Deve molto al mare, la Sicilia, terra di antichi vitigni che dal mare giunsero portati dai Greci. L’isola – racconta Sofocle – fu tra i primi luoghi protetti dal dio Dioniso. Qui la vite fu coltivata molto prima che nel resto d’Italia, ne fu la porta d’ingresso, tappa quasi obbligata degli itinerari diretti verso il Mar Tirreno.
Quando i Greci raggiunsero l’estremità orientale della Sicilia, decisero di stabilirsi qui. Fino a quel momento la vite cresceva selvatica, ma i Siculi, che l’abitavano prima dei Greci, utilizzavano rudimentali sistemi di allevamento della vite “maritata” a degli alberi come sostegno. Conoscevano, con tutta probabilità, anche la fermentazione dei frutti, almeno quella spontanea.
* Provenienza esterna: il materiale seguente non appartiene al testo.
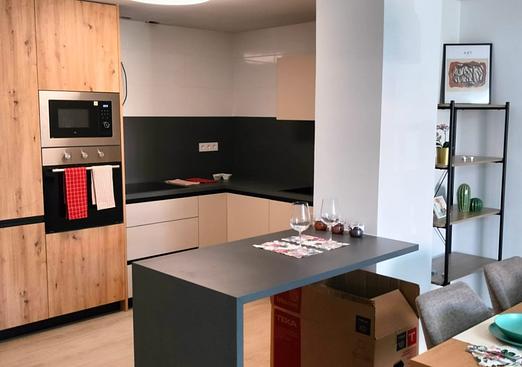 Apartment in Orihuela Costa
Con l’esperienza, la conoscenza e la perizia, i Greci non fecero altro che migliorare, diffondere e canonizzare quanto già esisteva, elevando allo stesso tempo la qualità dei vini, intorno alla cui produzione costruirono un florido commercio. Fu grazie ai primi contatti e scambi commerciali che la vite giunse in Sicilia e nel tempo, le diverse varietà combinate con le caratteristiche pedoclimatiche di questa terra diedero vita a vini della Sicilia particolari e unici.
Come il vino Pollio siracusano, il più antico vino d’Italia e d’Europa.
Caratteristiche e zone di produzione del vino siciliano
Nel corso della storia, il mare ha avuto un ruolo primario nello sviluppo e nella diffusione del vino tra i popoli, ma al di là dei traffici commerciali che, nel mare, ebbero la via principale, le terre vicine al mare sono spesso luoghi particolarmente adatti alla coltivazione della vite e ne influenzano le caratteristiche organolettiche.
La Sicilia è una ricca regione vinicola. Secondo i dati Istat, nel 2021 la produzione di vino siciliano è stata di 6 milioni di ettolitri, con una crescita di oltre il 20% rispetto agli ultimi dieci anni, con un export che, nel 2022, ha fatto registrare una crescita del 21%, per un valore pari a 170 milioni di euro.
Come racconta Omero, la Sicilia è il luogo in cui «tutto spunta senza seminare, senza rivoltare la terra, il grano, l’orzo, le vigne cariche di frutti succosi che la pioggia di Zeus gonfia», un territorio naturalmente vocato alla viticoltura fin dai tempi più remoti per via della ricchezza dei suoli, della morfologia dei terreni e del clima mediterraneo. Le principali zone vinicole della regione sono tre: l’area del trapanese, con il suo susseguirsi quasi ininterrotto di vigneti; l’area dell’Etna, con i terroir tipici del vulcano; la provincia di Siracusa, cuore del sudest, con il lento scivolare dell’altopiano ibleo verso il mare e il miscuglio di calcareniti argillose e antichissima roccia vulcanica, risalente ad almeno 24 milioni di anni fa.
Prevale la produzione di vini bianchi, soprattutto autoctoni, come Albanello, Catarratto, Inzolia, Grillo, Carricante, Grecanico Dorato, Zibibbo, Malvasia di Lipari, Minnella Bianca, Moscato Bianco; per quanto riguarda i rossi, vini siciliani famosi sono il Nero d’Avola, Nerello Mascalese, Nerello Cappuccio, Frappato, Nocera, Perricone.
Se ci soffermiamo, in particolare, sulla zona del siracusano, nella Sicilia orientale, i terreni sono un misto di sabbia e calcareniti molto tenere, risultato di antiche sedimentazioni marine. In letteratura geologica si chiamano panchina e rappresentano un particolare tipo di deposito marino costiero, presente soprattutto lungo le coste della Sicilia e della Sardegna: arenarie, conglomerati di resti fossili come molluschi, formazioni sedimentarie che si sono stratificate nel tempo, trasportate dal mare e, infine, coperte di terreni agrari resi fertili dagli strati sottostanti di calcareniti e sostanze organiche. Come una spugna, questi suoli assorbono acqua quando piove e rilasciano molto lentamente l’umidità e i minerali di cui sono particolarmente ricchi, data la loro peculiare composizione, e che nutrono le piante di vite nel corso delle stagioni.
La vicinanza del mare, poi, ha un ruolo importante: in condizioni meteorologiche normali, le temperature si alzano di giorno e si abbassano di notte grazie alla brezza fresca e umida. Questi sbalzi di temperatura influiscono positivamente sulla qualità dell’uva perché permettono di avere una buona qualità di grappoli, una lenta maturazione e di sviluppare aromi particolari e molto intensi come quelli che ritroviamo in alcuni dei vini tipici siciliani di questa zona, come l’Albanello, il Moscato di Siracusa, il Nero d’Avola.